Unless they sell lots of these new HD DirecTivos, I wouldn't expect any significant enhancements or new features to be added.


----------



## dirk1843 (Jul 7, 2003)

llarch said:


> No whole-home DVR (MRV)
> No web video access (YouTube)
> No iPad app support
> No 3D support
> ...


YMMV.....but for me:

YouTube......who cares?
iPad support.....again who cares?
3D....flash in the pan
HD GUI......would be nice, but my HDTiVo doesn't have it
HR24 hardware...again, you won't miss what you never had

I don't mean to sound like these don't matter to ANYONE, but for TiVo fans who simply want the best DVR they can get, those features are meaningless.

I just wanted to add to the list:

NO: NetFlix or Pandora.

These are both something I use.

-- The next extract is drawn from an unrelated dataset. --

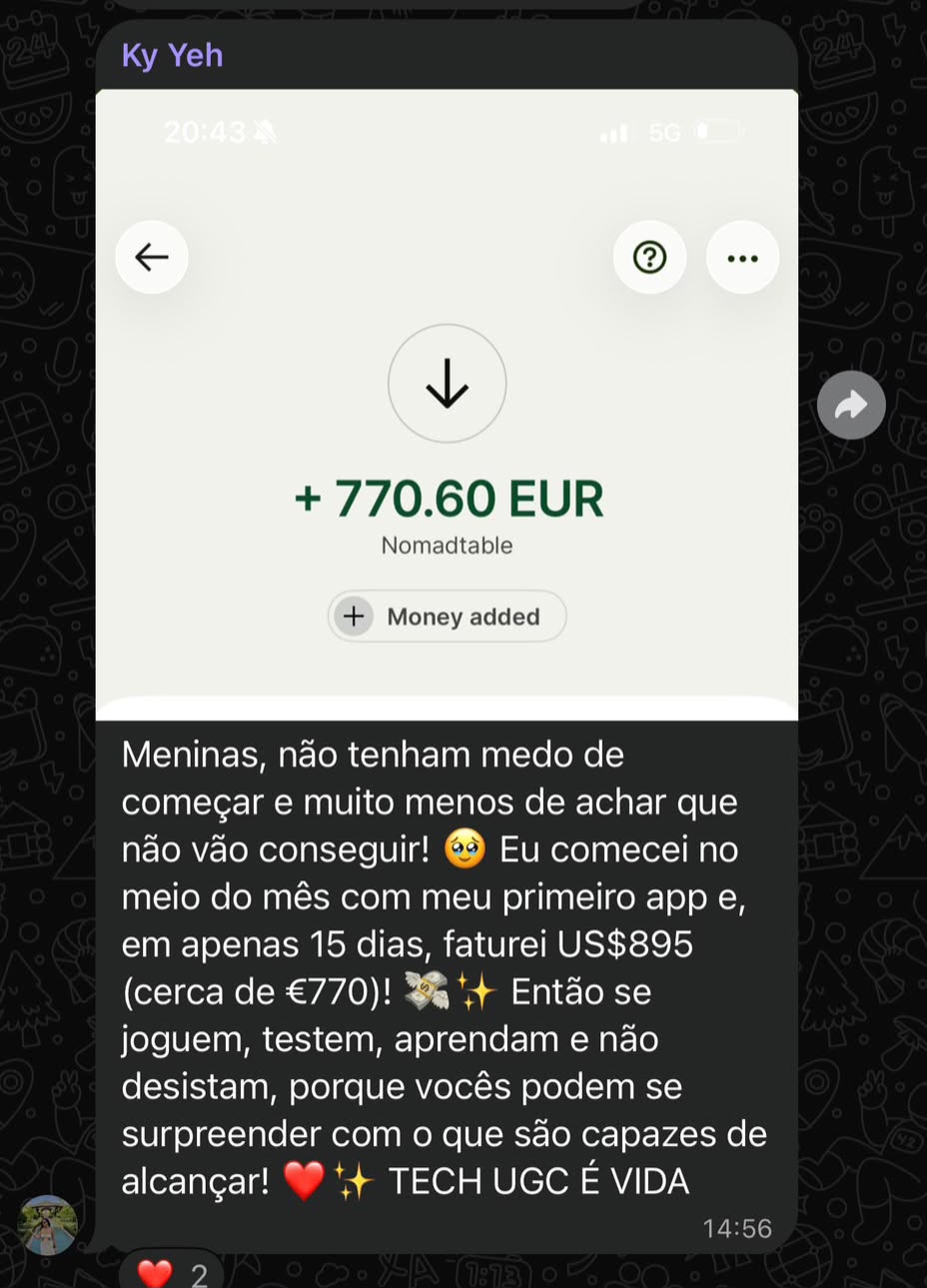 Depoimento da Ky Yeh faturando 770,60 EUR em 15 dias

However Pandora is better on my Oppo BluRay, BUT out of all the ways I have to watch NetFlix streaming, TiVo is always my "go-to". I would miss that, but do have other sources......and NetFlix is low on my list of favorite things anymore.


----------



## BOBCAT (Nov 28, 2002)

Just ordered my THR-22 from D*.
The installer will be here on the 13th.
Sense it was a new equipment order, had to commit to another 24 months of service which it no big deal as I'm not going anywhere.
I have lifetime DVR service so the THR-22 is covered under that. Just had to pay for the additional receiver which was $6. 
Will post again with some details about it after it arrives.


----------